After mixing, an auger discharges the dough from the bottom of the mixer onto a conveyor leading to the hopper of the AMF Tromp no-stress sheeting line. The dough sheet passes through a series of multi-roller reduction stations and a cross-roller and gauging station to create the desired thickness before entering a proprietary dough-forming and cutting process using patent-pending tooling.

“In many ways, it’s fundamentally like my old hand bakery,” Mr. Gottenbusch noted. “Just bigger.”

From here, rows of pretzel sticks or bites enter the AMF multideck proofer with Lillnord air and temperature controls for 25 to 45 minutes, depending on the product variety. To produce pretzels with the proper skin and soft interior texture, Mr. Gottenbusch said, the relative humidity is frontloaded into the beginning of the process with a dryer proofing coming toward the end to form a skin prior to the next step of the process.

The dough pieces then travel into a Reading Bakery Systems (RBS) caustic bath, which determine the color and texture of the final product.

“It’s my personal recipe,” Mr.
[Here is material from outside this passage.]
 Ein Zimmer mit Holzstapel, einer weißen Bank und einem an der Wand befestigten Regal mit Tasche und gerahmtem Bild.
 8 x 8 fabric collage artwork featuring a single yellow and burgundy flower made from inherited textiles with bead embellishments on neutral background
Gottenbusch said. “We create simple, clean label products that taste great.”

The pretzels bake in an AMF DenBoer oven.

“Working with one manufacturer for the makeup, proofing, caustic bath and baking provided us with a turnkey solution,” Mr. Gottenbusch said of the Markel Food Group, the parent company of AMF Tromp, DenBoer and RBS. “They provided the integrated communication between the components and just one number to call in case there were any issues, and they had the right philosophy for us. We’re craft master bakers looking to efficiently supply the nation with traditional pretzels.”

After ambient cooling, the pretzels travel through a spiral freezer set at -15˚F before metal detection and packaging. Here, the pretzels may enter two vertical form/fill/seal systems, Bettendorf Stanford baggers with Burford twist tyers or flowwrappers before being cartoned, palletized and stored in a freezer.
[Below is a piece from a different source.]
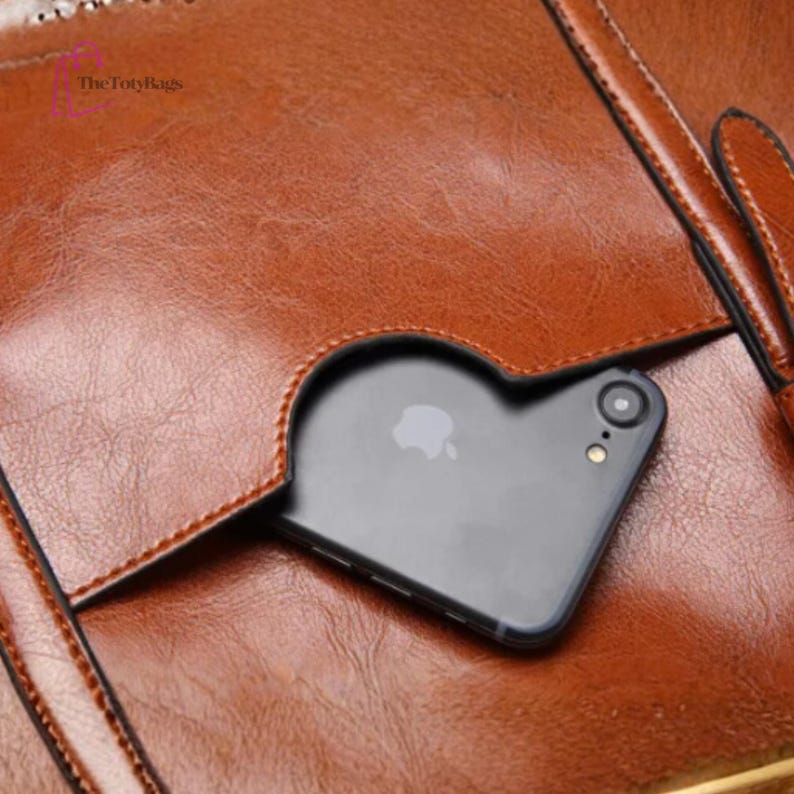 Może przedstawiać: Zbliżenie brązowej sk&oacute;rzanej torebki z kieszenią na czarny smartfon. Torba ma teksturowaną powierzchnię i widoczne szwy. Logo TotyBags znajduje się w lewym g&oacute;rnym rogu.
“Our packaging needs to change daily, based on demand,” Mr. Goldie said.

All mixing allows the operators to document the process for variability and traceability, mainly because most of the pretzels contain only five ingredients — flour, water, yeast, salt, malt — along with a dab of oil. Overall, the bakery is SQF Food Safety and SQF Food Quality certified.
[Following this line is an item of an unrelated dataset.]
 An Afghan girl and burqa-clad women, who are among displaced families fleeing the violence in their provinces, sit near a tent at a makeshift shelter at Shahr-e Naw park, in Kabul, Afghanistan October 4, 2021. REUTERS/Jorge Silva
Looking forward, Ditsch USA already plans to add another line and possibly expand production even further. In fact, Mr. Goldie has already drawn up six different versions of potential lines.

“We had hoped to order our third line this year, but all these events may push us back about six to 12 months,” Mr. Gottenbusch said. “And down the line, who knows? We may be looking at another facility within the next three to five years.”

In the meantime, he added, the company is not waiting for opportunity to knock at the bakery’s door. Rather, it’s ready to take on any challenge, no matter what twist of fate comes next. Not surprisingly, he still believes the bakery will top last year in annual revenue.

“Our family’s business always did better in tough times because people wanted to still eat great bakery products,” Mr. Gottenbusch said. “Sure, it is much different this time, but I’m still keeping a positive attitude. We’re growing and making fun products, and we offer a fun place to work. I’m looking at everything as an opportunity to build a team for the future.”